======== Input

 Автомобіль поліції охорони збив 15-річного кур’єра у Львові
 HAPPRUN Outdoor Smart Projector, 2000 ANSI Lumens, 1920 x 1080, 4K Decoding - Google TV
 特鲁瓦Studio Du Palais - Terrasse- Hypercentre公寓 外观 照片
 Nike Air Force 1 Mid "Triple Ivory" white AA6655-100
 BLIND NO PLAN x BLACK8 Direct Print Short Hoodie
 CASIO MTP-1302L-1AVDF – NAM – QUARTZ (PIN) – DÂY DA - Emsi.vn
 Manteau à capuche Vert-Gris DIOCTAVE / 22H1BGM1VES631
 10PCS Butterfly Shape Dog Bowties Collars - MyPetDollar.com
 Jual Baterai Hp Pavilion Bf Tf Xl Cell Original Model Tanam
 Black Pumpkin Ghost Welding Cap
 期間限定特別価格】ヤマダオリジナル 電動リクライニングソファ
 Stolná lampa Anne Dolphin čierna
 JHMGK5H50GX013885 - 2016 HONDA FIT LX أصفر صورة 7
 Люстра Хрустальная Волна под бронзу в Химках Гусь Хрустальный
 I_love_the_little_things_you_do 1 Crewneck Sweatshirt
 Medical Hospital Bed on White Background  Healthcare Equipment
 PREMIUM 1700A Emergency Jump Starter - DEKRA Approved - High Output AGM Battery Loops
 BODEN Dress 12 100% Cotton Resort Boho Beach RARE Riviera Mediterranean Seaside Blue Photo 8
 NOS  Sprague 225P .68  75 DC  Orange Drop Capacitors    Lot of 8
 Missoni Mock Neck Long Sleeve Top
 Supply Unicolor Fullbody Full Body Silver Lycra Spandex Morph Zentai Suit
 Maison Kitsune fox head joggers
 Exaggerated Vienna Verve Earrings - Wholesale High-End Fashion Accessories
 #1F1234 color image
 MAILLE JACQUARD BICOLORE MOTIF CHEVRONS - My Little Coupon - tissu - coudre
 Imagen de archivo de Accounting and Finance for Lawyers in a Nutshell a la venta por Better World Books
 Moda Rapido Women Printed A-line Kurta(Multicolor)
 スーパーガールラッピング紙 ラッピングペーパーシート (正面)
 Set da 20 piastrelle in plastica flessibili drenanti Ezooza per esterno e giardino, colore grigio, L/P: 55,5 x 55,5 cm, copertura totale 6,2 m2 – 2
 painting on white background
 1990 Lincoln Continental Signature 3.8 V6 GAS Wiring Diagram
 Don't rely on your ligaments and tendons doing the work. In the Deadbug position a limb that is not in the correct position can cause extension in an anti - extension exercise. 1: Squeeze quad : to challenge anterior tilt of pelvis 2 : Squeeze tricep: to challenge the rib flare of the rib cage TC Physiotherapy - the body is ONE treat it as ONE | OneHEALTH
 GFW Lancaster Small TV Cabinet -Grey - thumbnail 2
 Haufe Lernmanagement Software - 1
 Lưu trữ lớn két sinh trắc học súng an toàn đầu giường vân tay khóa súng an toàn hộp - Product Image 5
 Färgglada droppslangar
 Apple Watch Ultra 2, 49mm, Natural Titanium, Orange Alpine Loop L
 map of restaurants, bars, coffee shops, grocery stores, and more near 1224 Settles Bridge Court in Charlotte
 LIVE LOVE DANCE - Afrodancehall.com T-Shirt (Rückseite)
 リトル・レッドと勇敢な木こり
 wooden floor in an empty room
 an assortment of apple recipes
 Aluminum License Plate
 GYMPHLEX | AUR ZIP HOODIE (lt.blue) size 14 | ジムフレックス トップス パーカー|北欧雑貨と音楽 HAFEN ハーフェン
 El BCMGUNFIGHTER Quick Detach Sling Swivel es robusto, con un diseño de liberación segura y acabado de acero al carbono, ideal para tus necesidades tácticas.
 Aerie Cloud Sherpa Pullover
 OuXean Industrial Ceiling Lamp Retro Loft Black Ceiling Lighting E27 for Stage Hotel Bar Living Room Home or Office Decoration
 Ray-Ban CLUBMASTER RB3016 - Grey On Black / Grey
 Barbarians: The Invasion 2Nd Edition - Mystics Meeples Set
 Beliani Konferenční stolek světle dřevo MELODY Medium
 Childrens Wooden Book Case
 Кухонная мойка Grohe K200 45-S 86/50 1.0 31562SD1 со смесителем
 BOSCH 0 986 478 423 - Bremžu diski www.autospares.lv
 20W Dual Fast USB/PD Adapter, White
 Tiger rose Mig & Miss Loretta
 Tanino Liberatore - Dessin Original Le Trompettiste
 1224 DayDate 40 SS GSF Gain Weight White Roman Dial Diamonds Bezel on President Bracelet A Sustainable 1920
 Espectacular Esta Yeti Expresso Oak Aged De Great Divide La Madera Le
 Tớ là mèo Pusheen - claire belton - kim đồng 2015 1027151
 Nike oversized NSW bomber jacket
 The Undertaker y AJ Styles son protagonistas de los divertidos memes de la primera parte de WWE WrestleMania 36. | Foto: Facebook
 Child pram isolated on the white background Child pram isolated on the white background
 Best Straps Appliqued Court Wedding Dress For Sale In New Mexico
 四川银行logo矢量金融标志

================

• Brief
Exactly as shown above, return all of the entries.

• Result of the exercise
 Автомобіль поліції охорони збив 15-річного кур’єра у Львові
 HAPPRUN Outdoor Smart Projector, 2000 ANSI Lumens, 1920 x 1080, 4K Decoding - Google TV
 特鲁瓦Studio Du Palais - Terrasse- Hypercentre公寓 外观 照片
 Nike Air Force 1 Mid "Triple Ivory" white AA6655-100
 BLIND NO PLAN x BLACK8 Direct Print Short Hoodie
 CASIO MTP-1302L-1AVDF – NAM – QUARTZ (PIN) – DÂY DA - Emsi.vn
 Manteau à capuche Vert-Gris DIOCTAVE / 22H1BGM1VES631
 10PCS Butterfly Shape Dog Bowties Collars - MyPetDollar.com
 Jual Baterai Hp Pavilion Bf Tf Xl Cell Original Model Tanam
 Black Pumpkin Ghost Welding Cap
 期間限定特別価格】ヤマダオリジナル 電動リクライニングソファ
 Stolná lampa Anne Dolphin čierna
 JHMGK5H50GX013885 - 2016 HONDA FIT LX أصفر صورة 7
 Люстра Хрустальная Волна под бронзу в Химках Гусь Хрустальный
 I_love_the_little_things_you_do 1 Crewneck Sweatshirt
 Medical Hospital Bed on White Background  Healthcare Equipment
 PREMIUM 1700A Emergency Jump Starter - DEKRA Approved - High Output AGM Battery Loops
 BODEN Dress 12 100% Cotton Resort Boho Beach RARE Riviera Mediterranean Seaside Blue Photo 8
 NOS  Sprague 225P .68  75 DC  Orange Drop Capacitors    Lot of 8
 Missoni Mock Neck Long Sleeve Top
 Supply Unicolor Fullbody Full Body Silver Lycra Spandex Morph Zentai Suit
 Maison Kitsune fox head joggers
 Exaggerated Vienna Verve Earrings - Wholesale High-End Fashion Accessories
 #1F1234 color image
 MAILLE JACQUARD BICOLORE MOTIF CHEVRONS - My Little Coupon - tissu - coudre
 Imagen de archivo de Accounting and Finance for Lawyers in a Nutshell a la venta por Better World Books
 Moda Rapido Women Printed A-line Kurta(Multicolor)
 スーパーガールラッピング紙 ラッピングペーパーシート (正面)
 Set da 20 piastrelle in plastica flessibili drenanti Ezooza per esterno e giardino, colore grigio, L/P: 55,5 x 55,5 cm, copertura totale 6,2 m2 – 2
 painting on white background
 1990 Lincoln Continental Signature 3.8 V6 GAS Wiring Diagram
 Don't rely on your ligaments and tendons doing the work. In the Deadbug position a limb that is not in the correct position can cause extension in an anti - extension exercise. 1: Squeeze quad : to challenge anterior tilt of pelvis 2 : Squeeze tricep: to challenge the rib flare of the rib cage TC Physiotherapy - the body is ONE treat it as ONE | OneHEALTH
 GFW Lancaster Small TV Cabinet -Grey - thumbnail 2
 Haufe Lernmanagement Software - 1
 Lưu trữ lớn két sinh trắc học súng an toàn đầu giường vân tay khóa súng an toàn hộp - Product Image 5
 Färgglada droppslangar
 Apple Watch Ultra 2, 49mm, Natural Titanium, Orange Alpine Loop L
 map of restaurants, bars, coffee shops, grocery stores, and more near 1224 Settles Bridge Court in Charlotte
 LIVE LOVE DANCE - Afrodancehall.com T-Shirt (Rückseite)
 リトル・レッドと勇敢な木こり
 wooden floor in an empty room
 an assortment of apple recipes
 Aluminum License Plate
 GYMPHLEX | AUR ZIP HOODIE (lt.blue) size 14 | ジムフレックス トップス パーカー|北欧雑貨と音楽 HAFEN ハーフェン
 El BCMGUNFIGHTER Quick Detach Sling Swivel es robusto, con un diseño de liberación segura y acabado de acero al carbono, ideal para tus necesidades tácticas.
 Aerie Cloud Sherpa Pullover
 OuXean Industrial Ceiling Lamp Retro Loft Black Ceiling Lighting E27 for Stage Hotel Bar Living Room Home or Office Decoration
 Ray-Ban CLUBMASTER RB3016 - Grey On Black / Grey
 Barbarians: The Invasion 2Nd Edition - Mystics Meeples Set
 Beliani Konferenční stolek světle dřevo MELODY Medium
 Childrens Wooden Book Case
 Кухонная мойка Grohe K200 45-S 86/50 1.0 31562SD1 со смесителем
 BOSCH 0 986 478 423 - Bremžu diski www.autospares.lv
 20W Dual Fast USB/PD Adapter, White
 Tiger rose Mig & Miss Loretta
 Tanino Liberatore - Dessin Original Le Trompettiste
 1224 DayDate 40 SS GSF Gain Weight White Roman Dial Diamonds Bezel on President Bracelet A Sustainable 1920
 Espectacular Esta Yeti Expresso Oak Aged De Great Divide La Madera Le
 Tớ là mèo Pusheen - claire belton - kim đồng 2015 1027151
 Nike oversized NSW bomber jacket
 The Undertaker y AJ Styles son protagonistas de los divertidos memes de la primera parte de WWE WrestleMania 36. | Foto: Facebook
 Child pram isolated on the white background Child pram isolated on the white background
 Best Straps Appliqued Court Wedding Dress For Sale In New Mexico
 四川银行logo矢量金融标志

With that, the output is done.